Price action and technical levels to monitor
Dollar Index (DXY)
DXY traded in a neutral‑to‑bearish range, roughly between 100 and 101 mid‑week. Technical watchers view a close above 101 as short‑term bullish, potentially inviting a retest of higher resistance; a decisive move below ~99.5 would confirm the downside momentum and open room for further depreciation. Upcoming US data releases are the likely catalysts for a breakout in either direction.
Major pairs: EUR/USD and GBP/USD
- EUR/USD: Resistance around 1.1980–1.2000 is a critical ceiling. A sustained break above this band would suggest the dollar’s retreat is broadening and could attract momentum traders expecting EUR gains.
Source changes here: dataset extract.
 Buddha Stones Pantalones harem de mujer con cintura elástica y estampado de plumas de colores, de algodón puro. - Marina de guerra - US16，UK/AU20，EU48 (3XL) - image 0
- GBP/USD: Support near 1.3550 is the key short‑term reference. Failure to hold that level would imply sterling‑funded dollar weakness is losing steam and could prompt renewed risk reversals.
Regional moves: Ukrainian hryvnia and emerging FX
In regional markets, the Ukrainian hryvnia showed modest depreciation—official USD/UAH rates moved from about 42.99 to 43.10 in mid‑February. This small adjustment reflects local pressures and spillovers from USD direction, but overall moves remain contained compared with developed‑market FX swings. Broader emerging‑market currencies are trading with sensitivity to Fed expectations: a more dovish Fed generally relieves dollar funding pressures, benefiting many EM FX pairs.
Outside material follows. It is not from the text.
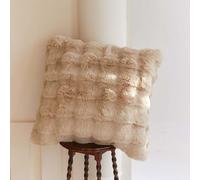 Soft Fluffy Rabbit Fur Throw Blanket, Bubble Super Cozy Blanket for Bed Sofa Couch Chair, Home Decorative Living Room Furniture Warm Blanket (Khaki,45x45-Cushion Cover)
Key data and events to watch
- Core PCE inflation: The Fed’s preferred inflation gauge can reshape rate‑cut timing and is the prime short‑term US data risk.
- US GDP and labour reports: Growth and jobs data will inform the Fed’s confidence—stronger numbers push back on cuts; softer prints accelerate easing expectations.
- Fed communications and personnel updates: Any official signals about strategy, timing, or leadership cement market views and drive flow.
Trading implications and strategies
Given the current mix of policy repositioning and event risk, traders should focus on disciplined risk management and event‑driven entries:
- Trade the data: Use confirmed reactions to Core PCE and GDP rather than pre‑positioning too aggressively—short bursts of volatility often follow release surprises.
- Respect technicals: DXY 101 and 99.5, EUR/USD 1.1980–1.2000, and GBP/USD 1.3550 are actionable levels for stop placement and scale‑in/out decisions.
- Hedge tail risk: Consider options or asymmetric position sizing around Fed‑sensitive pairs if you’re exposed to directional USD risk through the quarter.
- Monitor EM sensitivities: Emerging currencies like the hryvnia may see amplified moves if dollar sentiment shifts abruptly; size positions accordingly.
Conclusion
The recent USD pullback is rooted in shifting expectations about U.S. monetary policy—driven by leadership transition and the subtle signals embedded in the Fed vote split—rather than a single macro surprise. With Core PCE, GDP, and further Fed communications on the horizon, markets are set for episodic volatility. Traders should combine event awareness with clear technical thresholds to capture opportunities while protecting downside in a market that is pricing incremental dovishness into the dollar.